Consider a constrained optimization problem
$$
\underset{\beta\in\mathbb R^p}{\text{minimize}}f(\beta)\quad\text{such that}\ \beta\in\mathcal C,
$$
where $f:\mathbb R^p\to\mathbb R$ is a convex objective function to be minimized, and $\mathcal C\subset\mathbb R^p$ is a convex constraint set.
When the cost function is differentiable, a necessary and sufficient condition for a vector $\beta^*\in\mathcal C$ to be a global optimum is that
$$
\langle\nabla f(\beta^*),\beta-\beta^*\rangle\ge0
$$
for all $\beta\in\mathcal C$.
I am looking for an intuitive explanation of this condition.
Using the first-order condition for convexity, we see that this condition is indeed sufficient. The condition also implies that the angle between $\nabla f(\beta^*)$ and $\beta-\beta^*$ is acute for all $\beta\in\mathcal C$. But why does this mean that $\beta^*$ is a minimzer?

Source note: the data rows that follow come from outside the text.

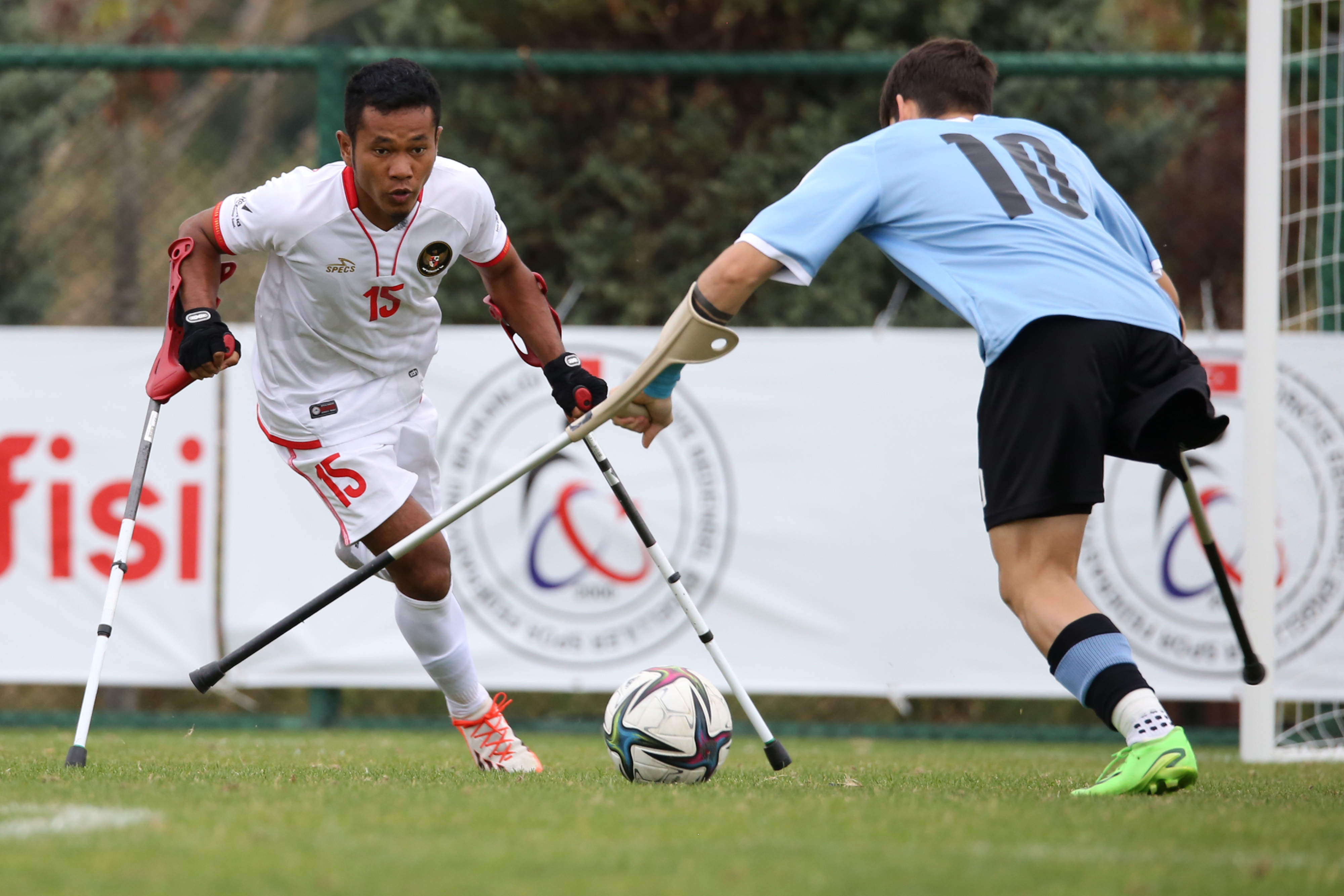 Timnas Amputasi Indonesia Duduki Peringkat 22 WAFF
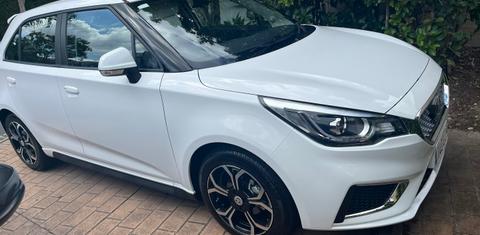 MG MG3 AUTO 2024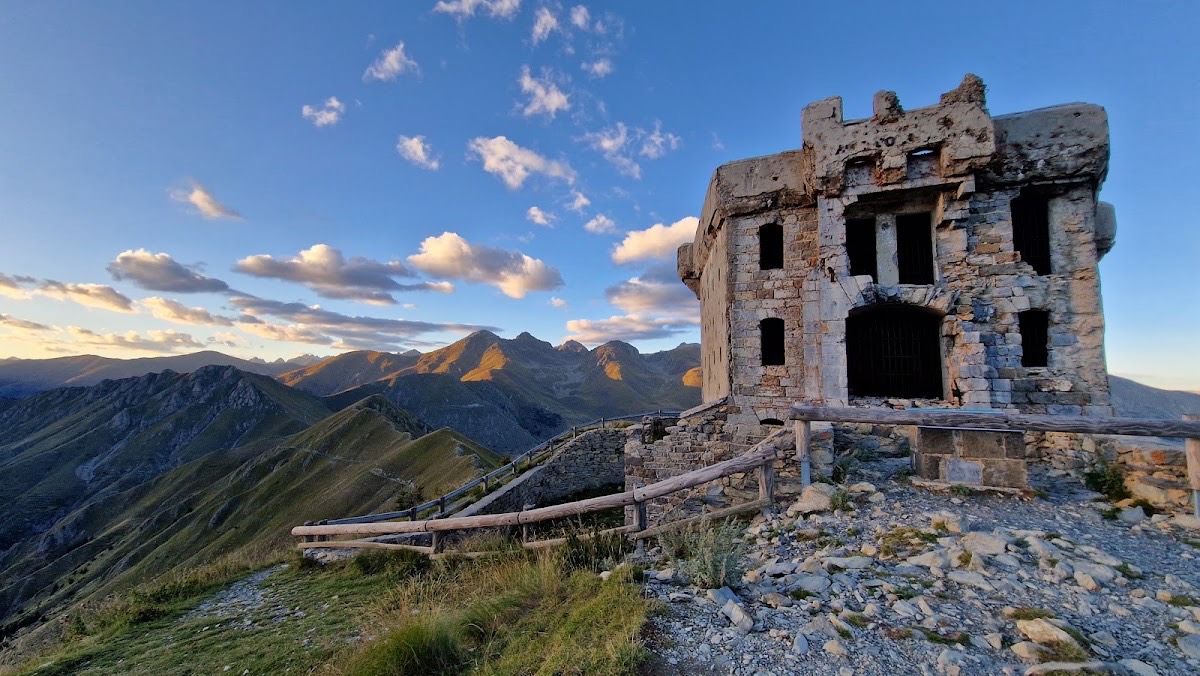 Parc national du Mercantour — Nizza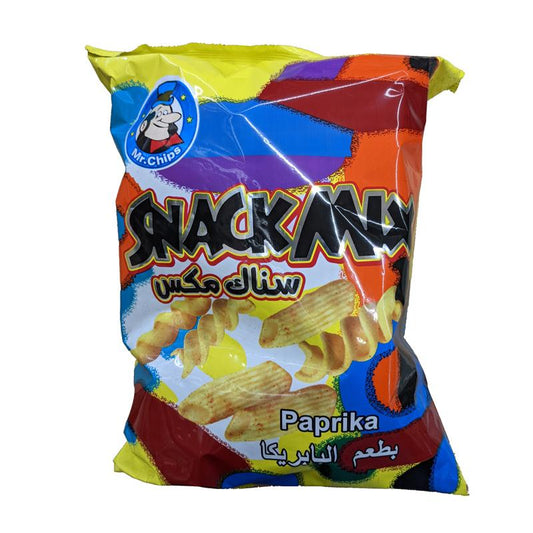 Snack Mix Paprika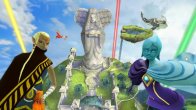  Marina said: «¡Mundo de Skyward Sword! ¡Altárea, la tierra que flota en el cielo!»18.Jan.2016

Any help is much appreciated!
Best Answer
At a minimizer, the directional derivative in any feasible direction must be nonnegative. Otherwise, we would not be at a minimizer. (Because then we could decrease the objective function value by moving a bit in a feasible direction for which the directional derivative is negative.)